Your instructions: Write the listing out again, all of it, word for word.
══ Exercise materials ══
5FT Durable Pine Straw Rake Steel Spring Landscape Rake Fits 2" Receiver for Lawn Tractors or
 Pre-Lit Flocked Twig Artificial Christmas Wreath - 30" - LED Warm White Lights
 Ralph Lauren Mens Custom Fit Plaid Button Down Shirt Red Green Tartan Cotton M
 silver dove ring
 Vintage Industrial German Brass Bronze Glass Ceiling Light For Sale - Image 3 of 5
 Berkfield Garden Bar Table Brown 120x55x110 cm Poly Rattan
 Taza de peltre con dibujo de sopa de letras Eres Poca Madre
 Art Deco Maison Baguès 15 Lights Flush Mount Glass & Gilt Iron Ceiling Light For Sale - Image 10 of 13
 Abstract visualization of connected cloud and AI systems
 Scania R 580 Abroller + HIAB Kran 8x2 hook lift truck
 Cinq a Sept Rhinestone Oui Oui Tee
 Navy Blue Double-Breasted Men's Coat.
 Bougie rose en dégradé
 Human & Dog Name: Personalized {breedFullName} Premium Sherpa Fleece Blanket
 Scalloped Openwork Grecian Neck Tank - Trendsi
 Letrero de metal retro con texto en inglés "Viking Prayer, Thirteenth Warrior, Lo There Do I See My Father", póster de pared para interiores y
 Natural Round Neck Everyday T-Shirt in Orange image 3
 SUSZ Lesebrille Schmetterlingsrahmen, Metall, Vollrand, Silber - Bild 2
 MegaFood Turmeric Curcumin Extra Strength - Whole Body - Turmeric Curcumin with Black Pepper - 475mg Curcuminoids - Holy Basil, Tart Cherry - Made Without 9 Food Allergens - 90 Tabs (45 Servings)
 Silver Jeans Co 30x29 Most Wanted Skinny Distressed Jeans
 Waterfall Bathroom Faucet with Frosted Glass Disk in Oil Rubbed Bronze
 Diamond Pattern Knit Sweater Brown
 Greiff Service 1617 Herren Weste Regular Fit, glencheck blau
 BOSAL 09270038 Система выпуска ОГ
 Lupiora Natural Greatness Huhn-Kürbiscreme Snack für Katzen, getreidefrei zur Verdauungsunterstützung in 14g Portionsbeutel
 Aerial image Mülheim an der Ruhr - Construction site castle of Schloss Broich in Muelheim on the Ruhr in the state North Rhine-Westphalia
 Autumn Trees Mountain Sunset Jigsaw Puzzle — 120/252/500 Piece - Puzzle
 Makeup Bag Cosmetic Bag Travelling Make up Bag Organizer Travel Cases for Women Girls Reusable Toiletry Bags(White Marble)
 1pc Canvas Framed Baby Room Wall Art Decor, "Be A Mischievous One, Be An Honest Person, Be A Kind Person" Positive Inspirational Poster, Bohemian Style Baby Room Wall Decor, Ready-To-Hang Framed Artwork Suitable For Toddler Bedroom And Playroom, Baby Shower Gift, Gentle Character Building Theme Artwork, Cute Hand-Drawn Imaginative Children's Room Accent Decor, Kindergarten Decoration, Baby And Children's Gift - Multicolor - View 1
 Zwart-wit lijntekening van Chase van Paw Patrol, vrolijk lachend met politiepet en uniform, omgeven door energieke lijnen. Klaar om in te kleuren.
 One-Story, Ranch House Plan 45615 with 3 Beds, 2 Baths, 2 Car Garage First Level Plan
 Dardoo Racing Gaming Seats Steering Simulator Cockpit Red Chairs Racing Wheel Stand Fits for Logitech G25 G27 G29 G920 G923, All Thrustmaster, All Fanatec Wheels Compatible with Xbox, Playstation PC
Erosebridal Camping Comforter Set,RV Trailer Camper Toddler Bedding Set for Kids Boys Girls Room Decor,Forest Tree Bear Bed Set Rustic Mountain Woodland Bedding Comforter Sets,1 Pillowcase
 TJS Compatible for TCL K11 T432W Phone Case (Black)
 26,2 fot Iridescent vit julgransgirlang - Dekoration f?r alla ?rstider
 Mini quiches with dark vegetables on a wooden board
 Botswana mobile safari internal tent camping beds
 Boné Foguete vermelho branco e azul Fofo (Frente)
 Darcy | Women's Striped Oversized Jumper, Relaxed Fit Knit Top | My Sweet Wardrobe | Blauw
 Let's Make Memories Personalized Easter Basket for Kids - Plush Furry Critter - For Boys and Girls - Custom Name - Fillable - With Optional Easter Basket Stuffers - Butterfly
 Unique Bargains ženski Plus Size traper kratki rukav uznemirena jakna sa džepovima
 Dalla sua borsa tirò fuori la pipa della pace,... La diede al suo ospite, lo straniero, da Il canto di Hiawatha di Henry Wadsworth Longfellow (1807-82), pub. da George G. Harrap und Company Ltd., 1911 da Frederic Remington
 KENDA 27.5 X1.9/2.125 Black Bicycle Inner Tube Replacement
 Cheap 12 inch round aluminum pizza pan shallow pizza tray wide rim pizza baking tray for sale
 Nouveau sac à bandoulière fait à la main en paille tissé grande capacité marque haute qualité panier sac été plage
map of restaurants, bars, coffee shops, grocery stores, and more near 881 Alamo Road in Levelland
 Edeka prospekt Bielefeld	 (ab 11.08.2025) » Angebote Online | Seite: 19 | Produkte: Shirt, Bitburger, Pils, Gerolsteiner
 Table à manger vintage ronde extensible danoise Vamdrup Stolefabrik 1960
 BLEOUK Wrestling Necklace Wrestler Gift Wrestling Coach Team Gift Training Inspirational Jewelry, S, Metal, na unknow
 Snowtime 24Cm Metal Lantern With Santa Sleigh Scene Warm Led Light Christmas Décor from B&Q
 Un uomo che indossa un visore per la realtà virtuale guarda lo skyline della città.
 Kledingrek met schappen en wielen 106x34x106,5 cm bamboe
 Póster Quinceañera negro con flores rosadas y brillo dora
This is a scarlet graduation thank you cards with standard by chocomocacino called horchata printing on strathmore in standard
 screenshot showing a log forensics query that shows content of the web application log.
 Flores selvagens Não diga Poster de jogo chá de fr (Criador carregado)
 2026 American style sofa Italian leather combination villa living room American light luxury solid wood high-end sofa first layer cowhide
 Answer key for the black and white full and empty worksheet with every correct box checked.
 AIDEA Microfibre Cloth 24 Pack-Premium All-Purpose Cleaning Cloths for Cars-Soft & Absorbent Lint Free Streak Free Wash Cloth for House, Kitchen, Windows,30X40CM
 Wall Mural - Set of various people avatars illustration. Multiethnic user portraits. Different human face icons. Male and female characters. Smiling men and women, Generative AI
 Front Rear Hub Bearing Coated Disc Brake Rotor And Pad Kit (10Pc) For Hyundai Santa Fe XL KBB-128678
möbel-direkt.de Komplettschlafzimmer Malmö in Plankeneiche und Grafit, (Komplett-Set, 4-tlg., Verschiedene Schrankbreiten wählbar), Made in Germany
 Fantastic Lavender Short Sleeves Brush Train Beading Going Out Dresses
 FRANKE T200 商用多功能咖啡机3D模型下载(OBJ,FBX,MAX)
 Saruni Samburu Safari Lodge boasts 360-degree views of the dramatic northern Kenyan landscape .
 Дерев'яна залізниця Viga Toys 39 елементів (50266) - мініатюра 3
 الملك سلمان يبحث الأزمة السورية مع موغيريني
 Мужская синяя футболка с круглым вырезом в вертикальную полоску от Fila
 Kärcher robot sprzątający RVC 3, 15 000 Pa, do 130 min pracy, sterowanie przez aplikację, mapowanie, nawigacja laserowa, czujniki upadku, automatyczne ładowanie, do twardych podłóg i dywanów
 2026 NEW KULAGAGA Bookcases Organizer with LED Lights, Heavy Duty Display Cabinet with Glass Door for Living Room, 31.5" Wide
═══
Response for this exercise:
5FT Durable Pine Straw Rake Steel Spring Landscape Rake Fits 2" Receiver for Lawn Tractors or
 Pre-Lit Flocked Twig Artificial Christmas Wreath - 30" - LED Warm White Lights
 Ralph Lauren Mens Custom Fit Plaid Button Down Shirt Red Green Tartan Cotton M
 silver dove ring
 Vintage Industrial German Brass Bronze Glass Ceiling Light For Sale - Image 3 of 5
 Berkfield Garden Bar Table Brown 120x55x110 cm Poly Rattan
 Taza de peltre con dibujo de sopa de letras Eres Poca Madre
 Art Deco Maison Baguès 15 Lights Flush Mount Glass & Gilt Iron Ceiling Light For Sale - Image 10 of 13
 Abstract visualization of connected cloud and AI systems
 Scania R 580 Abroller + HIAB Kran 8x2 hook lift truck
 Cinq a Sept Rhinestone Oui Oui Tee
 Navy Blue Double-Breasted Men's Coat.
 Bougie rose en dégradé
 Human & Dog Name: Personalized {breedFullName} Premium Sherpa Fleece Blanket
 Scalloped Openwork Grecian Neck Tank - Trendsi
 Letrero de metal retro con texto en inglés "Viking Prayer, Thirteenth Warrior, Lo There Do I See My Father", póster de pared para interiores y
 Natural Round Neck Everyday T-Shirt in Orange image 3
 SUSZ Lesebrille Schmetterlingsrahmen, Metall, Vollrand, Silber - Bild 2
 MegaFood Turmeric Curcumin Extra Strength - Whole Body - Turmeric Curcumin with Black Pepper - 475mg Curcuminoids - Holy Basil, Tart Cherry - Made Without 9 Food Allergens - 90 Tabs (45 Servings)
 Silver Jeans Co 30x29 Most Wanted Skinny Distressed Jeans
 Waterfall Bathroom Faucet with Frosted Glass Disk in Oil Rubbed Bronze
 Diamond Pattern Knit Sweater Brown
 Greiff Service 1617 Herren Weste Regular Fit, glencheck blau
 BOSAL 09270038 Система выпуска ОГ
 Lupiora Natural Greatness Huhn-Kürbiscreme Snack für Katzen, getreidefrei zur Verdauungsunterstützung in 14g Portionsbeutel
 Aerial image Mülheim an der Ruhr - Construction site castle of Schloss Broich in Muelheim on the Ruhr in the state North Rhine-Westphalia
 Autumn Trees Mountain Sunset Jigsaw Puzzle — 120/252/500 Piece - Puzzle
 Makeup Bag Cosmetic Bag Travelling Make up Bag Organizer Travel Cases for Women Girls Reusable Toiletry Bags(White Marble)
 1pc Canvas Framed Baby Room Wall Art Decor, "Be A Mischievous One, Be An Honest Person, Be A Kind Person" Positive Inspirational Poster, Bohemian Style Baby Room Wall Decor, Ready-To-Hang Framed Artwork Suitable For Toddler Bedroom And Playroom, Baby Shower Gift, Gentle Character Building Theme Artwork, Cute Hand-Drawn Imaginative Children's Room Accent Decor, Kindergarten Decoration, Baby And Children's Gift - Multicolor - View 1
 Zwart-wit lijntekening van Chase van Paw Patrol, vrolijk lachend met politiepet en uniform, omgeven door energieke lijnen. Klaar om in te kleuren.
 One-Story, Ranch House Plan 45615 with 3 Beds, 2 Baths, 2 Car Garage First Level Plan
 Dardoo Racing Gaming Seats Steering Simulator Cockpit Red Chairs Racing Wheel Stand Fits for Logitech G25 G27 G29 G920 G923, All Thrustmaster, All Fanatec Wheels Compatible with Xbox, Playstation PC
Erosebridal Camping Comforter Set,RV Trailer Camper Toddler Bedding Set for Kids Boys Girls Room Decor,Forest Tree Bear Bed Set Rustic Mountain Woodland Bedding Comforter Sets,1 Pillowcase
 TJS Compatible for TCL K11 T432W Phone Case (Black)
 26,2 fot Iridescent vit julgransgirlang - Dekoration f?r alla ?rstider
 Mini quiches with dark vegetables on a wooden board
 Botswana mobile safari internal tent camping beds
 Boné Foguete vermelho branco e azul Fofo (Frente)
 Darcy | Women's Striped Oversized Jumper, Relaxed Fit Knit Top | My Sweet Wardrobe | Blauw
 Let's Make Memories Personalized Easter Basket for Kids - Plush Furry Critter - For Boys and Girls - Custom Name - Fillable - With Optional Easter Basket Stuffers - Butterfly
 Unique Bargains ženski Plus Size traper kratki rukav uznemirena jakna sa džepovima
 Dalla sua borsa tirò fuori la pipa della pace,... La diede al suo ospite, lo straniero, da Il canto di Hiawatha di Henry Wadsworth Longfellow (1807-82), pub. da George G. Harrap und Company Ltd., 1911 da Frederic Remington
 KENDA 27.5 X1.9/2.125 Black Bicycle Inner Tube Replacement
 Cheap 12 inch round aluminum pizza pan shallow pizza tray wide rim pizza baking tray for sale
 Nouveau sac à bandoulière fait à la main en paille tissé grande capacité marque haute qualité panier sac été plage
map of restaurants, bars, coffee shops, grocery stores, and more near 881 Alamo Road in Levelland
 Edeka prospekt Bielefeld	 (ab 11.08.2025) » Angebote Online | Seite: 19 | Produkte: Shirt, Bitburger, Pils, Gerolsteiner
 Table à manger vintage ronde extensible danoise Vamdrup Stolefabrik 1960
 BLEOUK Wrestling Necklace Wrestler Gift Wrestling Coach Team Gift Training Inspirational Jewelry, S, Metal, na unknow
 Snowtime 24Cm Metal Lantern With Santa Sleigh Scene Warm Led Light Christmas Décor from B&Q
 Un uomo che indossa un visore per la realtà virtuale guarda lo skyline della città.
 Kledingrek met schappen en wielen 106x34x106,5 cm bamboe
 Póster Quinceañera negro con flores rosadas y brillo dora
This is a scarlet graduation thank you cards with standard by chocomocacino called horchata printing on strathmore in standard
 screenshot showing a log forensics query that shows content of the web application log.
 Flores selvagens Não diga Poster de jogo chá de fr (Criador carregado)
 2026 American style sofa Italian leather combination villa living room American light luxury solid wood high-end sofa first layer cowhide
 Answer key for the black and white full and empty worksheet with every correct box checked.
 AIDEA Microfibre Cloth 24 Pack-Premium All-Purpose Cleaning Cloths for Cars-Soft & Absorbent Lint Free Streak Free Wash Cloth for House, Kitchen, Windows,30X40CM
 Wall Mural - Set of various people avatars illustration. Multiethnic user portraits. Different human face icons. Male and female characters. Smiling men and women, Generative AI
 Front Rear Hub Bearing Coated Disc Brake Rotor And Pad Kit (10Pc) For Hyundai Santa Fe XL KBB-128678
möbel-direkt.de Komplettschlafzimmer Malmö in Plankeneiche und Grafit, (Komplett-Set, 4-tlg., Verschiedene Schrankbreiten wählbar), Made in Germany
 Fantastic Lavender Short Sleeves Brush Train Beading Going Out Dresses
 FRANKE T200 商用多功能咖啡机3D模型下载(OBJ,FBX,MAX)
 Saruni Samburu Safari Lodge boasts 360-degree views of the dramatic northern Kenyan landscape .
 Дерев'яна залізниця Viga Toys 39 елементів (50266) - мініатюра 3
 الملك سلمان يبحث الأزمة السورية مع موغيريني
 Мужская синяя футболка с круглым вырезом в вертикальную полоску от Fila
 Kärcher robot sprzątający RVC 3, 15 000 Pa, do 130 min pracy, sterowanie przez aplikację, mapowanie, nawigacja laserowa, czujniki upadku, automatyczne ładowanie, do twardych podłóg i dywanów
 2026 NEW KULAGAGA Bookcases Organizer with LED Lights, Heavy Duty Display Cabinet with Glass Door for Living Room, 31.5" Wide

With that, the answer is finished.